◆ DATA PROVIDED ◆
::::

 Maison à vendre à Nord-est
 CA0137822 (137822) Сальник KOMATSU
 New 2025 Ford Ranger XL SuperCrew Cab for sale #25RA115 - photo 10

::::

Starting at the line with "CA0137822 (137822) Сальник KOMATSU", copy each line through the end of the data, both ends included, and give nothing else.

◆ OUTPUT FOR THIS TASK ◆
 CA0137822 (137822) Сальник KOMATSU
 New 2025 Ford Ranger XL SuperCrew Cab for sale #25RA115 - photo 10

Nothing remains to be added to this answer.